Please use the comments to demonstrate your own ignorance, unfamiliarity with empirical data and lack of respect for scientific knowledge. Be sure to create straw men and argue against things I have neither said nor implied. If you could repeat previously discredited memes or steer the conversation into irrelevant, off topic discussions, it would be appreciated. Lastly, kindly forgo all civility in your discourse . . . you are, after all, anonymous.

8 Responses to “BRIC vs FUJUG”

  1. leftback says:

    The problem for BRIC is that FUJUG buy their stuff, and half the population of FUJUG are broke.

  2. Bruce N Tennessee says:

    I did find it interesting, since we’ve been discusssing the desire of the BRIC’s to use something other than the dollar that this idea just won’t die.
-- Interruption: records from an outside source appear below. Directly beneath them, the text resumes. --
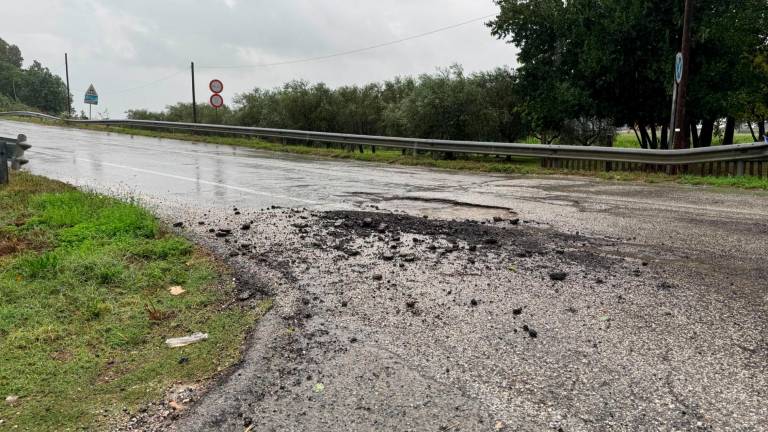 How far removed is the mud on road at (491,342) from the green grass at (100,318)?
0.25 meters

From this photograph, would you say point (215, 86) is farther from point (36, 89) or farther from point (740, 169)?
point (36, 89)

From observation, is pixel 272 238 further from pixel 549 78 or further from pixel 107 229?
pixel 549 78

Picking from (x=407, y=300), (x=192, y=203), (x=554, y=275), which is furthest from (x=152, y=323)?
(x=192, y=203)

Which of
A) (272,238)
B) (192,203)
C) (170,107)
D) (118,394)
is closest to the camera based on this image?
(118,394)

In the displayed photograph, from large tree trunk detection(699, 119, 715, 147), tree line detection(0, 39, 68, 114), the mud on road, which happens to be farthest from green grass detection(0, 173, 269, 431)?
tree line detection(0, 39, 68, 114)

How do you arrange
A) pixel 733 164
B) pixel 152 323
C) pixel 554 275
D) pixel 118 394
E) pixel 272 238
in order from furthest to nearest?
pixel 733 164, pixel 272 238, pixel 554 275, pixel 152 323, pixel 118 394

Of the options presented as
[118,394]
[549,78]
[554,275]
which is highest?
[549,78]

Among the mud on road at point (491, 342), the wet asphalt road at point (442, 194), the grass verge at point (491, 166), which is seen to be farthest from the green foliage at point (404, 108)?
the mud on road at point (491, 342)

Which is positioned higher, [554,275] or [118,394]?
[554,275]

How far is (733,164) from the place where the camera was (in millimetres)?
12250

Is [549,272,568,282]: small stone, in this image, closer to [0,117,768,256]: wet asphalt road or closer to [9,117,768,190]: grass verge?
[0,117,768,256]: wet asphalt road

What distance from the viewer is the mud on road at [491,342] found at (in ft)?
8.87

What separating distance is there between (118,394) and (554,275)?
3411mm

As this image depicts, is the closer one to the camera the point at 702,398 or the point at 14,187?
the point at 702,398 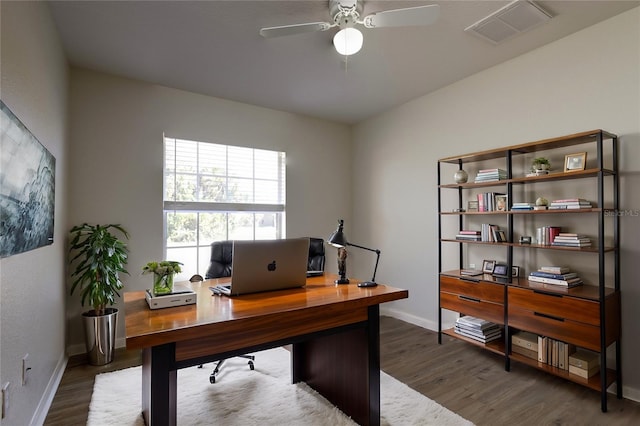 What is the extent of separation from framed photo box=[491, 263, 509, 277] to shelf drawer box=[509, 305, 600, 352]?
39 centimetres

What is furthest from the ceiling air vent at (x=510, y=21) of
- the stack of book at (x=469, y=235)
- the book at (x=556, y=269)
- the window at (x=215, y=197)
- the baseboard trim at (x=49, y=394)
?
the baseboard trim at (x=49, y=394)

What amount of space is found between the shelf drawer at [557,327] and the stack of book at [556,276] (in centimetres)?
28

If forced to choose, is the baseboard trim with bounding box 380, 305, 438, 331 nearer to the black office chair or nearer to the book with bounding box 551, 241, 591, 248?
the book with bounding box 551, 241, 591, 248

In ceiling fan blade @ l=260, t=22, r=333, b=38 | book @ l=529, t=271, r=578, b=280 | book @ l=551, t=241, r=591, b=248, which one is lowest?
book @ l=529, t=271, r=578, b=280

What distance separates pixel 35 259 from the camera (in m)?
1.94

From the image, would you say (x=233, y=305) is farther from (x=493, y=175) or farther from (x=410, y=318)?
(x=410, y=318)

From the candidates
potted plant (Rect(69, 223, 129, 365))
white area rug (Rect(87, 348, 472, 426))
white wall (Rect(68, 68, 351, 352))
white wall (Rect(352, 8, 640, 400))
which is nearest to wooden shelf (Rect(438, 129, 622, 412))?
white wall (Rect(352, 8, 640, 400))

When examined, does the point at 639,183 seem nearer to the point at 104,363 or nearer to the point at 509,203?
the point at 509,203

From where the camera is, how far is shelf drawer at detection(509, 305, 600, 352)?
2.20m

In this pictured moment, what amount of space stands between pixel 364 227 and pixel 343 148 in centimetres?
124

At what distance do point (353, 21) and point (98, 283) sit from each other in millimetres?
2985

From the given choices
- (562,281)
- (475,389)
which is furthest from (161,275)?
(562,281)

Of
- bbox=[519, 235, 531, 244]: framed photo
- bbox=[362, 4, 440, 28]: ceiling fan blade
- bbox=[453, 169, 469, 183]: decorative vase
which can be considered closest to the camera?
bbox=[362, 4, 440, 28]: ceiling fan blade

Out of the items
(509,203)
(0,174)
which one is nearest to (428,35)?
(509,203) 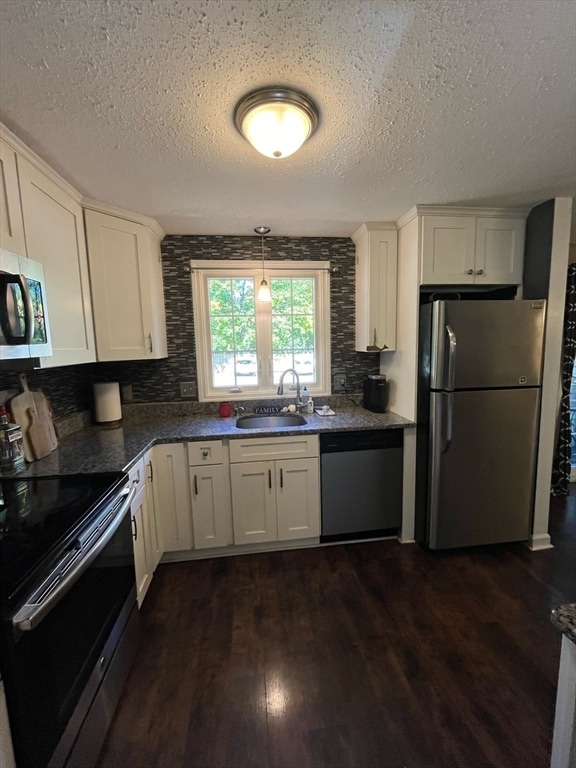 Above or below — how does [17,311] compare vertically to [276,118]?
below

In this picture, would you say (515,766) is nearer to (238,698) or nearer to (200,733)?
(238,698)

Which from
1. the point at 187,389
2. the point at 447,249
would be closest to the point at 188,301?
the point at 187,389

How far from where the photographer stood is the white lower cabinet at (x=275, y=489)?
2.11 meters

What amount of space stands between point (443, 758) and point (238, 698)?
77 cm

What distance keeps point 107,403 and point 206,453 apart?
34.0 inches

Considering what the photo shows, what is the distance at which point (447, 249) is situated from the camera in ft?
6.82

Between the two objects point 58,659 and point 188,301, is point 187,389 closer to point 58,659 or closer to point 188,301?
point 188,301

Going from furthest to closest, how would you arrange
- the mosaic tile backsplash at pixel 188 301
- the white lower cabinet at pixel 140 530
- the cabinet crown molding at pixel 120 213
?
the mosaic tile backsplash at pixel 188 301 < the cabinet crown molding at pixel 120 213 < the white lower cabinet at pixel 140 530

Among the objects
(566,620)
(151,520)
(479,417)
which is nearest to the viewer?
(566,620)

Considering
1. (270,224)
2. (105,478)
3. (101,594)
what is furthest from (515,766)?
(270,224)

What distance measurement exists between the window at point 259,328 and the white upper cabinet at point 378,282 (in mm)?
366

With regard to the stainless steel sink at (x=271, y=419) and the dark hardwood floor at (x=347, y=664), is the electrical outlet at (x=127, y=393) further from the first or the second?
the dark hardwood floor at (x=347, y=664)

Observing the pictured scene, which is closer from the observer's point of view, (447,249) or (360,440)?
(447,249)

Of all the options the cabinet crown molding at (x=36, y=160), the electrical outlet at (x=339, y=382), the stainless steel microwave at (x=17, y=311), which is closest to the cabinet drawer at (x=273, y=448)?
the electrical outlet at (x=339, y=382) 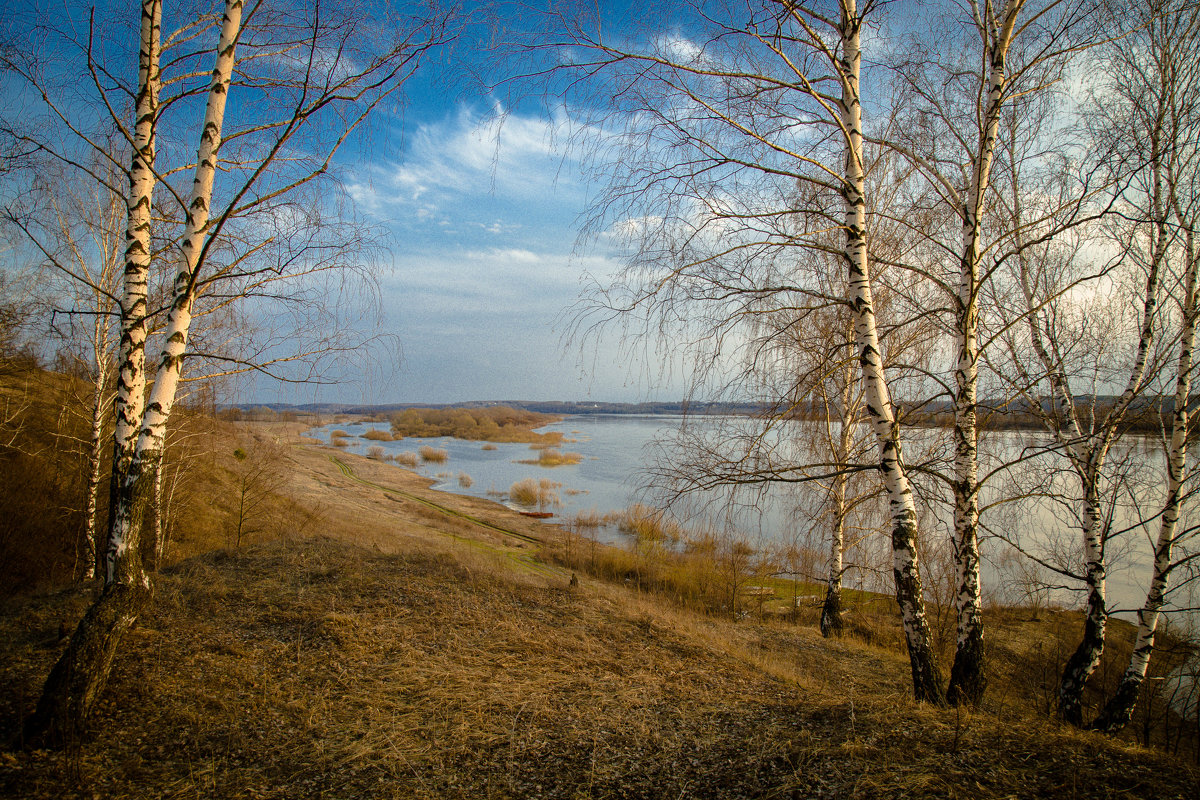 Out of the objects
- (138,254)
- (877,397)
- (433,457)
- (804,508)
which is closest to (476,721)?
(877,397)

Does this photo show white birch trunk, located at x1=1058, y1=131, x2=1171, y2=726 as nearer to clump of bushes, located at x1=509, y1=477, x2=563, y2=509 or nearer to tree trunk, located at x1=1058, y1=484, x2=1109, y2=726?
tree trunk, located at x1=1058, y1=484, x2=1109, y2=726

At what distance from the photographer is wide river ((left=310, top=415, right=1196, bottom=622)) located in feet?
18.1

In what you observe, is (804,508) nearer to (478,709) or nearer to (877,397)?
(877,397)

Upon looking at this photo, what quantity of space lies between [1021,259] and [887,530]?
4.76 meters

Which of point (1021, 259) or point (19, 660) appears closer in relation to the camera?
point (19, 660)

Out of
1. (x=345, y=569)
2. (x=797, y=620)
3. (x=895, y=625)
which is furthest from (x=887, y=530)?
(x=345, y=569)

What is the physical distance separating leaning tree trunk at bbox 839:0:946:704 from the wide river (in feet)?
3.34

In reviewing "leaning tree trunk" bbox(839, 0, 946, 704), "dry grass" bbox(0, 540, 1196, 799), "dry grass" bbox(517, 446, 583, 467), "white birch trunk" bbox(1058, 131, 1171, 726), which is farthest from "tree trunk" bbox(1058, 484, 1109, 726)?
"dry grass" bbox(517, 446, 583, 467)

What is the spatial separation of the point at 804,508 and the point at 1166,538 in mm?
5099

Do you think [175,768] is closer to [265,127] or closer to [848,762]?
[848,762]

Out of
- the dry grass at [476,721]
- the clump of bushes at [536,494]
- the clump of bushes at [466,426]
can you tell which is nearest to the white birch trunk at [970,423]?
the dry grass at [476,721]

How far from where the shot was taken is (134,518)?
133 inches

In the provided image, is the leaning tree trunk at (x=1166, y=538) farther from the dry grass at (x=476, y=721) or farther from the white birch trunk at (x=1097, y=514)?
the dry grass at (x=476, y=721)

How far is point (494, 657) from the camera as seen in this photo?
16.9ft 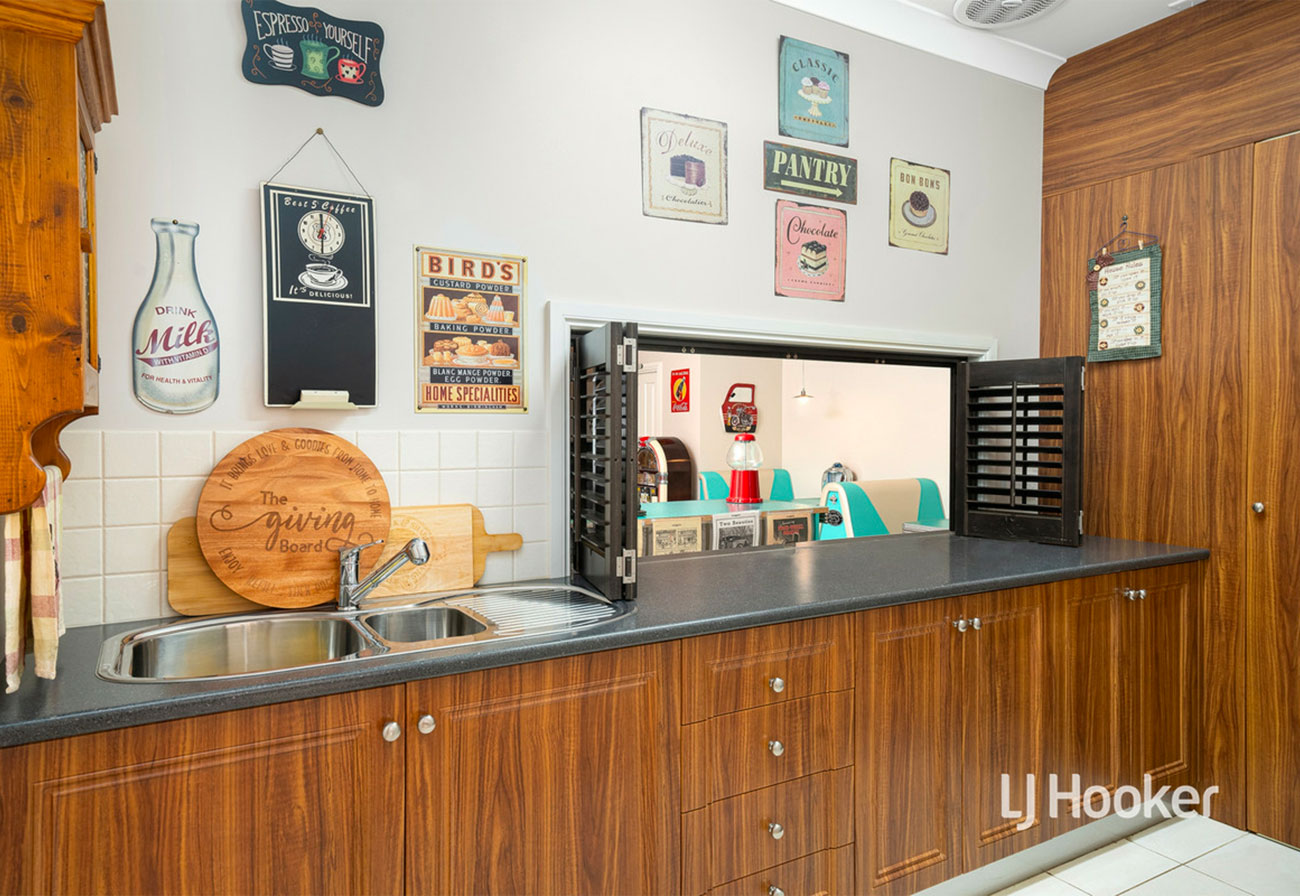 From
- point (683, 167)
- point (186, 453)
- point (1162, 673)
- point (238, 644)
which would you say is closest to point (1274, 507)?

Russia (won’t put up the web site since everyone has seen the headline) is going to suggest that at the BRIC conference, and oh, by the way, we asked to come as an observer, and were refused……how about them apples?

    Those who are smug about the dollar status…I think may be in for a rude awakening..

  3. leftback says:

    B n T: All true, regarding the likelihood of the $ following the £ into decline – but not yet.
    There is still way too much $ denominated debt in the rest of the world for a collapse in the immediate future.
    Deleveraging, increased savings and debt writedown/restructuring will all support the $ for a while.

  4. leftback says:

    Setser on China stockpiling and recovery – “decoupling” may be over-estimated, AGAIN …
    http://blogs.cfr.org/setser/2009/06/14/chinas-recovery-still-isnt-supporting-much-global-demand/

  5. super_trooper says:

    “its emerging economies that hold the key to future global growth as 86% of the world’s population live in the developing world.”
    Dude, that’s like so the 90′s……… and the 70s (Brazil).

  6. jrm says:

    I’m not sure French consumers are highly leveraged. Local law doesn’t allow you to be indebted to more than 30% of your income.

  7. Urkel says:

    Brazil: 25% of population in abject poverty. Still very reliant on natural resources but environment is being destroyed at an accelerating pace
    Russia: Economy close to 100% reliant on oil, corrupt oligarchical economy. Aging and dying (literally) younger generation
    India: Still highly reliant on outsourced service jobs from the US and other Western countries – mostly with the purpose of selling back those services to western consumers. Reliant on its “best and brightest” to be educated in the US/UK.
    China: Reliant on manufacturing outsourced by the west – similarly to India with the purpose of exporting back to the the west. Pegs its currency agressively to remain competitive. ANY published government numbers highly suspect.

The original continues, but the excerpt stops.